Kajian Ahad
Kiat Istiqamah di atas Manhaj
Oleh: Ustadz Abu Thohir Jones Vendra hafizhahullah
Masjid Nurul Iman, Blok M Square, Jakarta Selatan
Ahad, 20 Rajab 1446 / 19 Jan 2025
Jika kita melihat kehidupan sebagian dari Nabi dan Rasul seperti kehidupan Nabi Ibrahim 'alayhissalam. Beliau memiliki ayah yang tidak sejalan. Sebagai seorang anak, tentu Nabi Ibrahim 'alayhissalam besar harapannya agar Allah memberikan hidayah untuk ayah beliau. Namun hingga akhir hayatnya, bagaimana pun besarnya harapan Nabi Ibrahim 'alayhissalam, Allah tetap tidak memberikan hidayah kepada Ayahnya walaupun anaknya adalah seorang Nabi.

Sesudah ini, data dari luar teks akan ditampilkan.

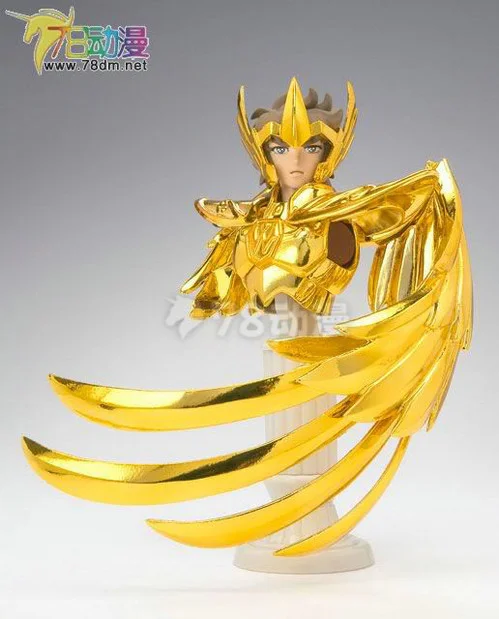 Bandai Saint Seiya Myth Cloth Saint Seiya Collection Bust Model Gift
Bandai Saint Seiya Myth Cloth Saint Seiya Collection Bust Model Gift
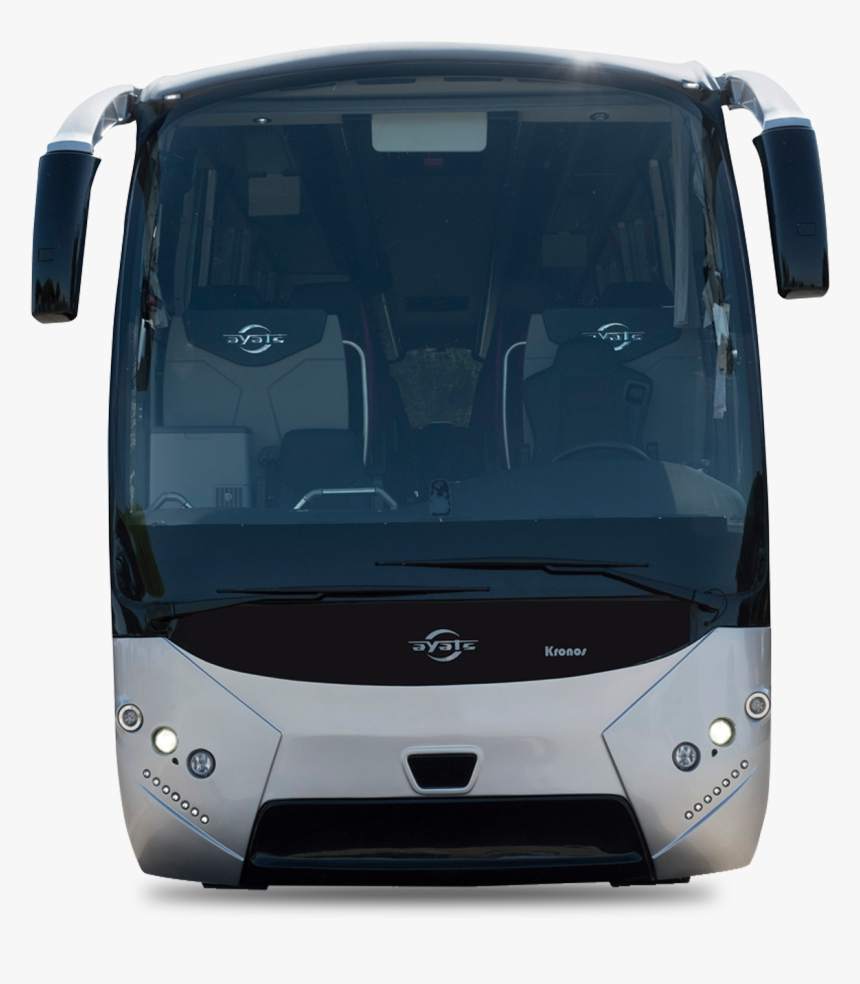 Transparent Tour Bus Png - Autobus Frontal Png, Png Download, Free Download
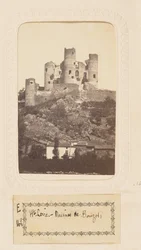 Haute-Loire - Bouzols romjai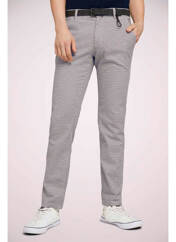 Pantalon slim beige TOM TAILOR pour homme seconde vue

Begitupun juga kisah Nabi Nuh 'alayhissalam. Beliau memiliki istri dan anak yang juga tidak seiman. Ketika Nabi Nuh 'alayhissalam bersama orang-orang beriman diselamatkan oleh Allah, beliau melihat anaknya terkena banjir. Saat itu Nabi Nuh 'alayhissalam masih berusaha agar Allah memberikan hidayah kepada anaknya. Namun anaknya tetap tidak beriman.
Allah Ta'ala berfirman:
"Dan bahtera itu berlayar membawa mereka dalam gelombang laksana gunung. Dan Nuh memanggil anaknya sedang anak itu berada di tempat yang jauh terpencil: “Hai anakku, naiklah (ke kapal) bersama kami dan janganlah kamu berada bersama orang-orang yang kafir.” Anaknya menjawab: “Aku akan mencari perlindungan ke gunung yang dapat memeliharaku dari air bah!” Nuh berkata: “Tidak ada yang melindungi hari ini dari azab Allah selain Allah (saja) Yang Maha Penyayang”. Dan gelombang menjadi penghalang antara keduanya; maka jadilah anak itu termasuk orang-orang yang ditenggelamkan” (Huud : 42-43).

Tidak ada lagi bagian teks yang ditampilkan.